Революционную прокламацию в духе парижских санкюлотов II Года Республики (по образованию я историк и писал когда-то диплом о Французской революции): «Граждане учителя! Сорвите пелену с ваших глаз! Свобода – это пустой призрак, до тех пор, пока ученики делают домашнее задание до двух часов ночи. Пусть гневные крики разъяренных родителей и стоны невыспавшихся детей тронут ваши сердца…»?
Педагогический рецепт: «Ставим песочные часы на три минуты – дети работают в группе; ученик выступает перед камерой в течение двух-двух с половиной минут, соль и перец по вкусу…»?
Вопрос о жанре решился неожиданным и естественным образом.
В нашей школе работают замечательные люди – настоящие учителя: любящие детей и мастера своего дела. Это не совсем школьные люди, и большинство из них занимаются именно «своим делом»: биолог – четыре месяца в году отслеживает касаток на Командорских островах, литератор – пишет стихи и поет их под гитару, историк – ездит со студентами Исторического факультета МГУ по деревням Севера и собирает истории о колхозной жизни.
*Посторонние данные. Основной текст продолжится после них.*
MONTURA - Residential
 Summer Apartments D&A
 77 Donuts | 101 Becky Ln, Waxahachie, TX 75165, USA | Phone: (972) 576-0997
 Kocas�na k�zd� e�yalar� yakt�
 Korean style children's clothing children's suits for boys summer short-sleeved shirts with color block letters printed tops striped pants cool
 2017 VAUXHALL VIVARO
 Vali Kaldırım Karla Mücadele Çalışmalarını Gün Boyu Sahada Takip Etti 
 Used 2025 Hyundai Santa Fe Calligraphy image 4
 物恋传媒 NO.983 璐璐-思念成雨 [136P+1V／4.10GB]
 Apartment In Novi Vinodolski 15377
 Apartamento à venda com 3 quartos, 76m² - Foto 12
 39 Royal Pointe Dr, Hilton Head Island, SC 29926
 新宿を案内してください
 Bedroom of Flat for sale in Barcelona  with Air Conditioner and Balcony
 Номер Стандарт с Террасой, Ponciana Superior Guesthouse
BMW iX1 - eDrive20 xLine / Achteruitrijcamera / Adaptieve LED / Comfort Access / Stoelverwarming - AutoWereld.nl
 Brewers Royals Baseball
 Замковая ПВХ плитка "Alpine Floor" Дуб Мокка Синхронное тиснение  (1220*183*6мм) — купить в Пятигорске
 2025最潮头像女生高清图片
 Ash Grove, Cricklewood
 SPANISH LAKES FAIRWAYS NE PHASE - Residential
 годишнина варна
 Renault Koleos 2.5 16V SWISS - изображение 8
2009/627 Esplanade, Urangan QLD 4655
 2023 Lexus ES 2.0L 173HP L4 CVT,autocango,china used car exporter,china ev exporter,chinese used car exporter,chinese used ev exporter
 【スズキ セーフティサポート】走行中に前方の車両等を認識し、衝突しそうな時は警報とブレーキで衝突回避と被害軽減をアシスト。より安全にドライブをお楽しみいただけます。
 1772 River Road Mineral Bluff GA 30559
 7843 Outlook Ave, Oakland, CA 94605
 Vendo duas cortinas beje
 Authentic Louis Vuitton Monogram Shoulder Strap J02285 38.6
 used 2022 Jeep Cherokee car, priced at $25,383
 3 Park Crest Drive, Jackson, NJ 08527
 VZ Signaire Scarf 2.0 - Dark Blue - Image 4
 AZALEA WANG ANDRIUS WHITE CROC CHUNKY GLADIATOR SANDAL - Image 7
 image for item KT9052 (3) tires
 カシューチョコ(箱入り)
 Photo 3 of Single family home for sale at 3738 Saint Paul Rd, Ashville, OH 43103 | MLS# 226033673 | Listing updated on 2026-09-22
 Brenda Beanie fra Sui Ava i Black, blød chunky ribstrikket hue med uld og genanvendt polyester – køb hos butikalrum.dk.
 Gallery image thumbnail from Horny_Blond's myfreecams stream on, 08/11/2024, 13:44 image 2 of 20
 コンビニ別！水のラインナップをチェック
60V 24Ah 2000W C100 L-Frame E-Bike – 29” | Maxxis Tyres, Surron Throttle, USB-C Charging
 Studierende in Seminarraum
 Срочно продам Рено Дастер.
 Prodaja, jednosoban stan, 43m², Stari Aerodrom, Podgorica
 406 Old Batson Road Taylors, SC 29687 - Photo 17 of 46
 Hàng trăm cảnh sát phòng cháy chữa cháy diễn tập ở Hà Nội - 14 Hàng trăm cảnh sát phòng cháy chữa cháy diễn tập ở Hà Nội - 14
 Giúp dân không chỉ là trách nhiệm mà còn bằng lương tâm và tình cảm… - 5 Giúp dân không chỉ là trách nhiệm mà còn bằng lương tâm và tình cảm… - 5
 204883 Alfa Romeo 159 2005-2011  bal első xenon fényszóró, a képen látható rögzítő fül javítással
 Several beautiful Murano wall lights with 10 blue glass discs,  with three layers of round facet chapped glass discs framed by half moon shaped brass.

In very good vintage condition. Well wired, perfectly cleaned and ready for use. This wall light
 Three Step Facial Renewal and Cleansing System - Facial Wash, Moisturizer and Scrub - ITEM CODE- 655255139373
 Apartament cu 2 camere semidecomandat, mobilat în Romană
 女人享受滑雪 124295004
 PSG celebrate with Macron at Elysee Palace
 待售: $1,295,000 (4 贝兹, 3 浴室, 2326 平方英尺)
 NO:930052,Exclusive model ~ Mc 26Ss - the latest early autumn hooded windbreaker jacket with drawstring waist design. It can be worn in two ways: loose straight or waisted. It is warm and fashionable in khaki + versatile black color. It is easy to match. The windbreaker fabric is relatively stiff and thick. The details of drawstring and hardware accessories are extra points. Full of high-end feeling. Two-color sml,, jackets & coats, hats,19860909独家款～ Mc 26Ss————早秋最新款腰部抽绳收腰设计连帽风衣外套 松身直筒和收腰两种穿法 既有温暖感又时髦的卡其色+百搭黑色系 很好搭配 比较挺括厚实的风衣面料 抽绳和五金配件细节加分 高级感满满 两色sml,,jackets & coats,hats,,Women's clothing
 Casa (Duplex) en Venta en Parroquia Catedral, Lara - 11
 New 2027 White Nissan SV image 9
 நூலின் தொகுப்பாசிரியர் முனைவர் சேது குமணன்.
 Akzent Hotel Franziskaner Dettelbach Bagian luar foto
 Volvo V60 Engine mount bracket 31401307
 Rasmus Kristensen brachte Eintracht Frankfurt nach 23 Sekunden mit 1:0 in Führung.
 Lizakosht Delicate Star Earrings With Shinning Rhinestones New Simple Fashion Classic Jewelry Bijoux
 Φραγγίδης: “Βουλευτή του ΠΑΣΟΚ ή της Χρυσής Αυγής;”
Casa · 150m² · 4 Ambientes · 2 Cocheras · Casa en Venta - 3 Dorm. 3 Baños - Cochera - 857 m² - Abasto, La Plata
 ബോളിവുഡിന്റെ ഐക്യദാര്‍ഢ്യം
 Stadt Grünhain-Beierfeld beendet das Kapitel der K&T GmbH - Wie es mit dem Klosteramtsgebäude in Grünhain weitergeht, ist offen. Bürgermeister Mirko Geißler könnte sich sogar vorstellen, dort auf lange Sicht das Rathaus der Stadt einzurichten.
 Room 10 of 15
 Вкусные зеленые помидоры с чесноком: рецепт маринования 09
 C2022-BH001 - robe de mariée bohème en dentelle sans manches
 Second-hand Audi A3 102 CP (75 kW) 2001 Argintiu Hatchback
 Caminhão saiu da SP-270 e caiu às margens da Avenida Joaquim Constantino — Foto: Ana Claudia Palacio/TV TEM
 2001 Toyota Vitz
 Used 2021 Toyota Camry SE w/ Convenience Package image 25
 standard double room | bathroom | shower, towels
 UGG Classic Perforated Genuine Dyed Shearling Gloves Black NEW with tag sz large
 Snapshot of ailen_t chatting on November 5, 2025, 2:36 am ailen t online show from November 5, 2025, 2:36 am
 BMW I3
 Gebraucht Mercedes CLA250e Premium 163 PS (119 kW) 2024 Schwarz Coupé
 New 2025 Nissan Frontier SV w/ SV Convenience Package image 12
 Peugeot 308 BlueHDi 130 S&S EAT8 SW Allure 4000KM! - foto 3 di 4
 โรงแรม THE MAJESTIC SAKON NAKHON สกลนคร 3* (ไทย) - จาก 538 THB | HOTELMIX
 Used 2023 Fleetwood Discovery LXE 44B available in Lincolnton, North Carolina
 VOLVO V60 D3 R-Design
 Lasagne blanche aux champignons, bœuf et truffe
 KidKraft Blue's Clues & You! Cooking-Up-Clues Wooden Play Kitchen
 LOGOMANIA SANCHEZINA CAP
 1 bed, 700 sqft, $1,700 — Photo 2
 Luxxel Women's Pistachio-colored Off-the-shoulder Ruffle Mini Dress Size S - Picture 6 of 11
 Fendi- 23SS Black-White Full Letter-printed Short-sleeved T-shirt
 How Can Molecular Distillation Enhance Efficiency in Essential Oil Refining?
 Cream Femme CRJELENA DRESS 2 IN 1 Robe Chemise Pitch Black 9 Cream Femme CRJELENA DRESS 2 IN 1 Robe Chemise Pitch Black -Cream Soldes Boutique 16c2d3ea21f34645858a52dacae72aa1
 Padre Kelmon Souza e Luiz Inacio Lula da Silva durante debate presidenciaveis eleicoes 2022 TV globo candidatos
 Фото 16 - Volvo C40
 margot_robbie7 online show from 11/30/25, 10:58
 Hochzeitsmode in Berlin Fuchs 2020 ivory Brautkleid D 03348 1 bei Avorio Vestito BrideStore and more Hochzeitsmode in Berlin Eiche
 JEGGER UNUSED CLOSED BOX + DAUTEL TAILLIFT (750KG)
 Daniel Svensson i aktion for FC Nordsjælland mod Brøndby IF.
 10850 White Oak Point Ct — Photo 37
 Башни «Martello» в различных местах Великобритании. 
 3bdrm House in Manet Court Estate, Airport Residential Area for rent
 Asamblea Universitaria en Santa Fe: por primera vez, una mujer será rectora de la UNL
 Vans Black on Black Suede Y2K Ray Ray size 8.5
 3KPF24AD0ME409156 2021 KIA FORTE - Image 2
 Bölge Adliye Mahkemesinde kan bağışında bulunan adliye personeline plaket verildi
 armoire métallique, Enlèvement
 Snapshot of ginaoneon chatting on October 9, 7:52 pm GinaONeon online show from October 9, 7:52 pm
И вот, на два-три дня в неделю они появляются в Лицее КОВЧЕГ: увидеться с учениками – радостными от встречи с любимым учителем, и со мной – директором школы – сердитым от того, что опять всё не так…
Ну как можно управлять пятьюдесятью учителями, треть из которых – кандидаты наук, а другая треть – пишут кандидатские?
Вот я и подумал: чем пять раз в неделю говорить одно и то же, напишу один раз письмо и выдам каждому. Тридцать пять писем, по числу учебных недель, подколотые и подшитые, и стали основой этой книги. К этим текстам добавил совсем маленькие и короткие записочки – даже не письма, а просто телеграммы.
Вот жанр этой книги. Не Педагогический трактат Яна Амоса Коменского, не Педагогическая поэма Макаренко и не Педагогическая симфония Амонашвили – а Педагогические письма и телеграммы.
Мне хочется думать, что этом что-то есть. Как в карандашных набросках к картине, которая рисуется годами и занимает собой всю стену Третьяковской галереи, может быть больше искренности и жизни, чем в самой картине.
Как говорит несравнимый Юлий Ким: «Будучи литератором, я время от времени подвергаю свои тексты литературоведческому анализу…». И я подверг свои тексты литературоведческому анализу, чтобы упростить задачу будущим исследователям, понимая, что моя книга, конечно же, со временем станет педагогическим бестселлером.